▶ _SUPPLIED ENTRIES_
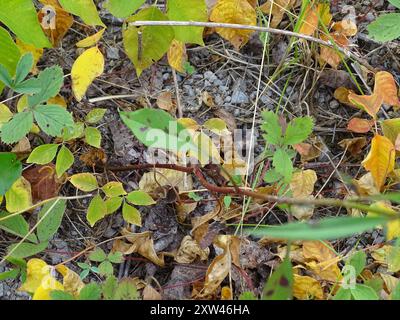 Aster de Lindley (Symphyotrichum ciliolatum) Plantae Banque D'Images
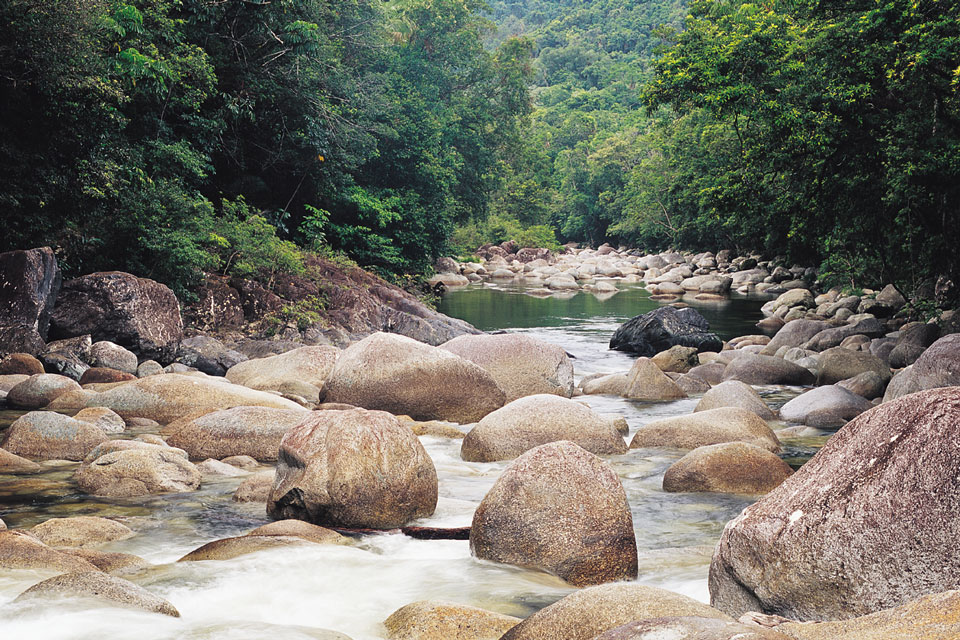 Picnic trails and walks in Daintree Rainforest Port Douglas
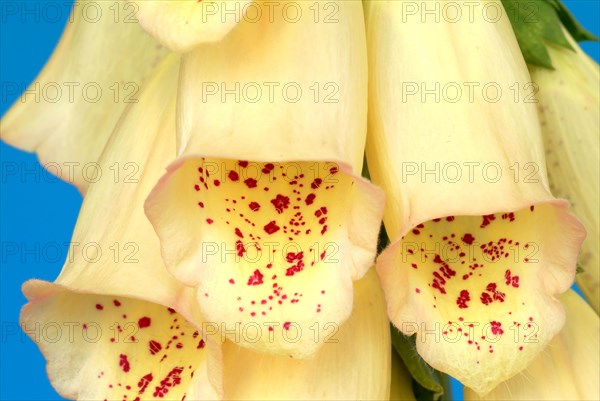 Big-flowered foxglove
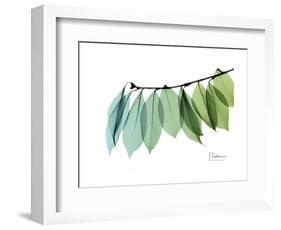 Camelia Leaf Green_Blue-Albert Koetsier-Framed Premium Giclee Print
---
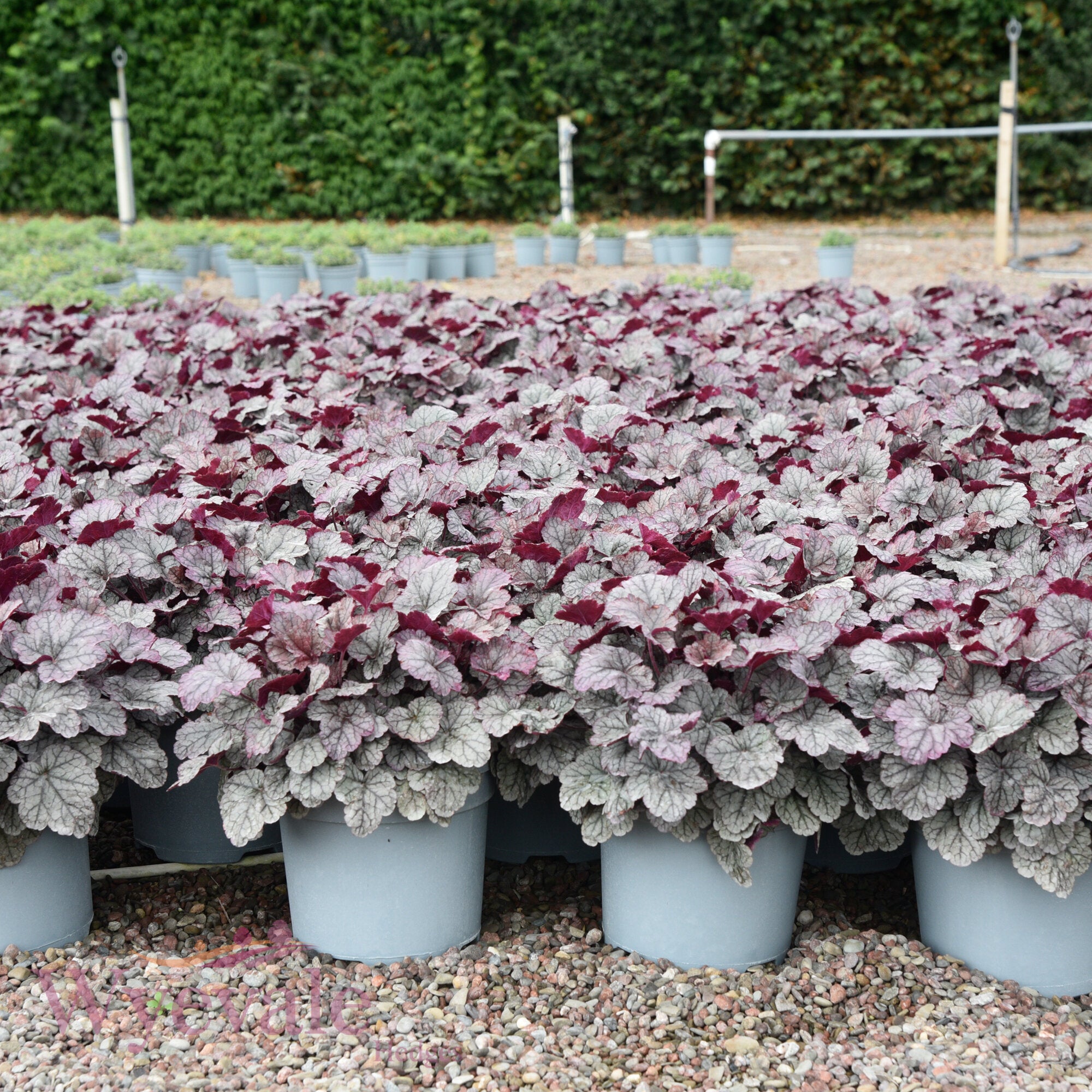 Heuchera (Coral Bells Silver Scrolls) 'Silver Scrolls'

▶ _WHAT NEEDS TO BE DONE_
Everything above from the line with "Big-flowered foxglove" through the line with "Camelia Leaf Green_Blue-Albert" should be retyped exactly, and nothing else; omit pictures.

▶ _EXERCISE RESPONSE_
 Big-flowered foxglove
 Camelia Leaf Green_Blue-Albert Koetsier-Framed Premium Giclee Print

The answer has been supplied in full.